Al igual que en las guerras internas en Centroamérica, los paramilitares en Chiapas han sembrado el terror en las comunidades indígenas que simpatizan con el EZLN, mediante asesinatos, emboscadas, quema de poblados, amenazas de muerte, expulsiones, robo de ganado, detención y tortura de milicianos zapatistas o de las llamadas bases de apoyo.
Las denuncias de indígenas entregadas desde 1995 a los grupos de Derechos Humanos que trabajan en Chiapas insisten en que los paramilitares operan en coordinación con las corporaciones de seguridad pública, reciben apoyo y entrenamiento del Ejército Mexicano y que, en ocasiones, se mezclan entre los contingentes de soldados y policías que controlan los poblados del norte, Las Cañadas y Los Altos de Chiapas.
Es evidente que los gobiernos federales y estatales confiaron en que Paz y Justicia y Los Chinchulines lograrían el control territorial de la región norte y harían innecesaria la intervención del Ejército para sostener combate directo con las bases de apoyo zapatista.
Actualmente hay signos de desgaste paramilitar. Las movilizaciones recientes del Ejército Mexicano indican que el gobierno federal considera necesario aumentar la intensidad de la movilización militar en las zonas de alta presencia política zapatista. Los paramilitares no le bastan y, aparentemente, han fallado en su misión.
Las organizaciones no gubernamentales (ONG) chiapanecas reportan que las bases paramilitares viven la misma hambruna que las zapatistas y que están descontentas porque sus líderes, como Samuel Sánchez, dirigente de Paz y Justicia, está desarrollando su propio emporio hotelero y turístico en el municipio de Tila, mientras los indígenas choles siguen en la misma pobreza.

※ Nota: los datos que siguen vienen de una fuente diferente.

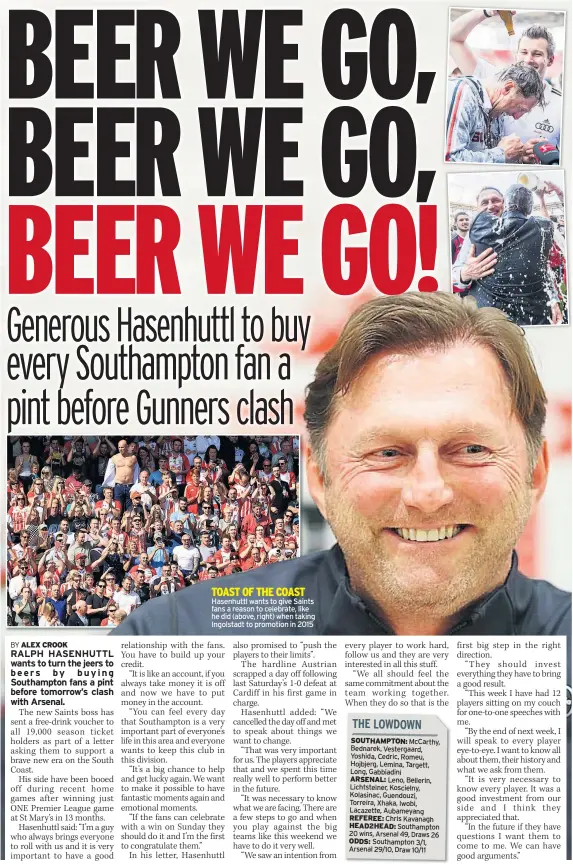  ??  ?? TOAST OF THE COAST Hasenhuttl wants to give Saints fans a reason to celebrate, like he did (above, right) when taking Ingolstadt to promotion in 2015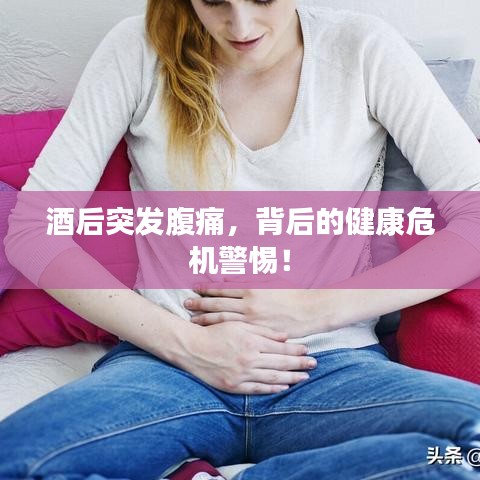酒后突发腹痛,背后的健康危机警惕!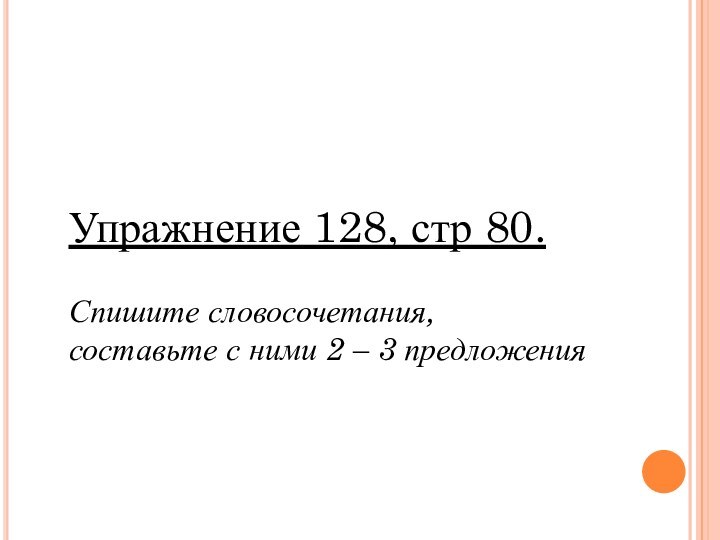 Домашнее заданиеУпражнение 128, стр 80.Спишите словосочетания, составьте с ними 2 – 3 предложения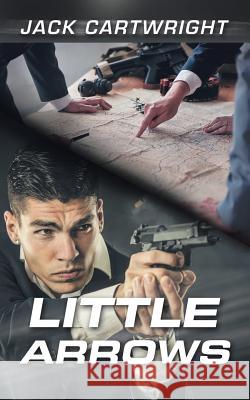 Little Arrows Jack Cartwright   9781728386164 Authorhouse UK - książka
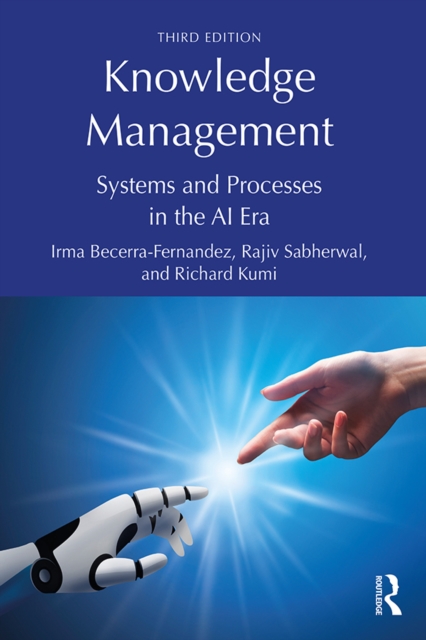 Knowledge Management : Systems and Processes in the AI Era, EPUB eBook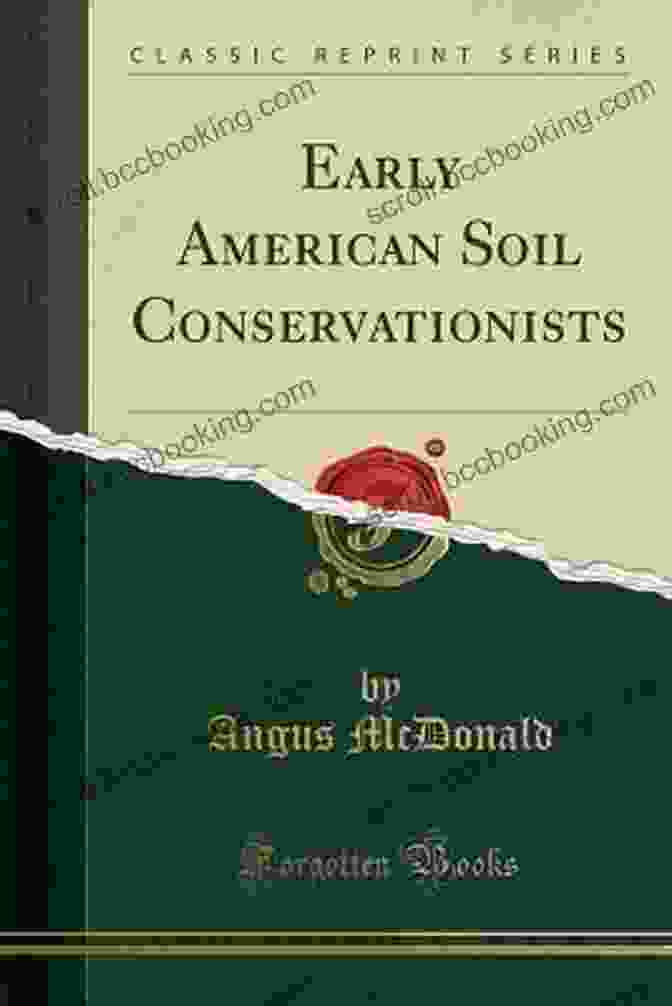Book Cover Of 'Early American Soil Conservationists' By Maynard Davies EARLY AMERICAN SOIL CONSERVATIONISTS (1941) Maynard Davies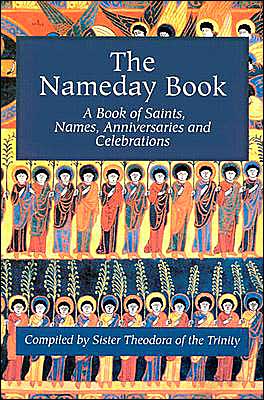 The Nameday Book: A Book of Saints, Names, Anniversaries and Celebrations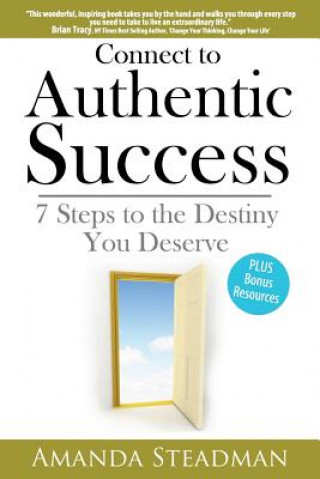 Knjiga Connect to Authentic Success: 7 Steps to the Destiny You Deserve Amanda Steadman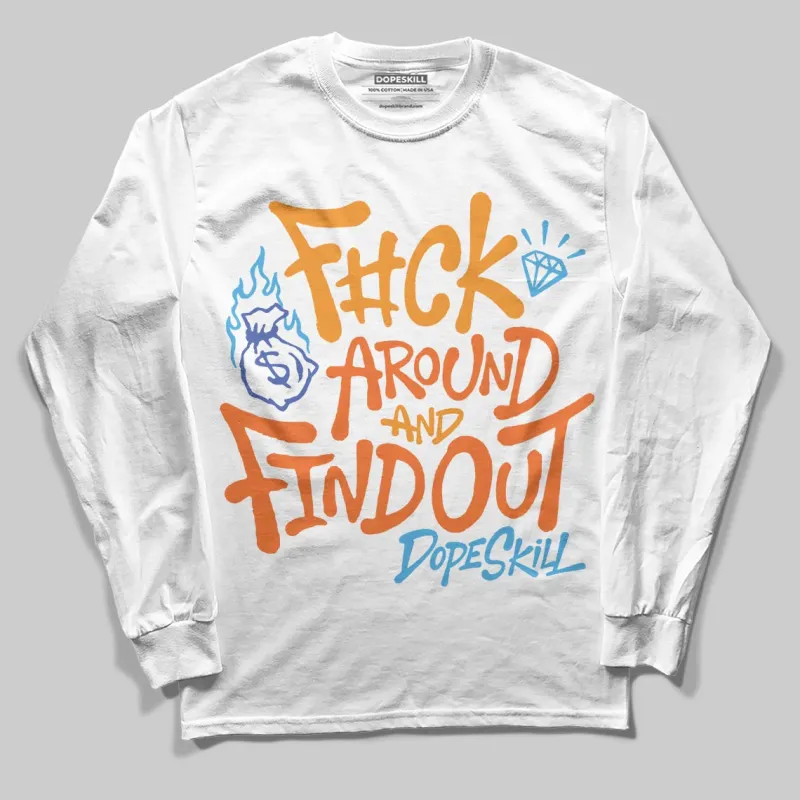 Orange Black White DopeSkill Long Sleeve T-Shirt F#ck Around And Find Out Graphic sold by DopeSkill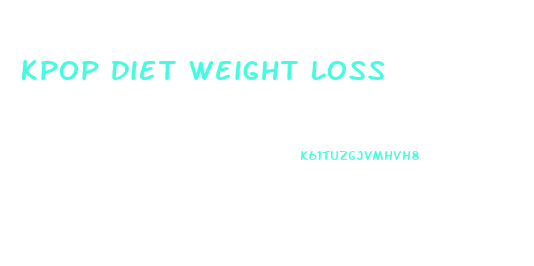 Kpop Diet Weight Loss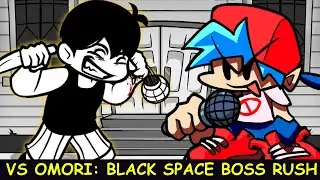 Friday Night Funkin: VS. OMORI: BLACK SPACE BOSS RUSH Full Week [FNF Mod/HARD]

En Tila se ha creado una asociación de ex militantes de Paz y Justicia. Incluso, los paramilitares sin tierra han realizado tomas de predios en el norte del estado.
Sin embargo, esta debilidad de los grupos paramilitares no significa que haya bajado el nivel de violencia. Los grupos armados priístas se han sumido en una clandestinidad mayor y mantienen constante el potencial de violencia, por lo menos en Chenalhó.
Han proliferado siglas o nombres de otros grupos dispuestos a la guerra contra el Ejército Zapatista de Liberación Nacional y sus comunidades de apoyo: Los Tomates en Bochil, Los Chentes en Tuxtla Gutiérrez, Los Quintos, en el municipio de Venustiano Carranza, Los Aguilares en Bachajón, Los Puñales en Atenango del Valle, Teopisca y Comitán.
La situación de los 21 mil 159 indígenas desplazados por la violencia paramilitar empeora y persisten los augurios de violencia. Comunidades, pueblos indígenas, redes sociales de la entidad siguen sometidas a una presión intensa. Las comunidades reportan amenazas de nuevas matanzas.
Sería peligroso e irresponsable pensar que, por ser éste un momento marcado por lo electoral, Chiapas puede esperar hasta después de los comicios presidenciales. Por el contrario, la proximidad de las elecciones enrarece todos los ámbitos que pueden dar lugar a catástrofes humanitarias, como la de Acteal.
A pesar de los esfuerzos para disminuir la relevancia del conflicto armado y esconderlo en la trastienda política de las campañas por las candidaturas presidenciales, las crisis en el estado de Chiapas tienden a emerger una y otra vez, pero es importante que ocurra en la lógica de paz con dignidad y no en la del terror y la guerra.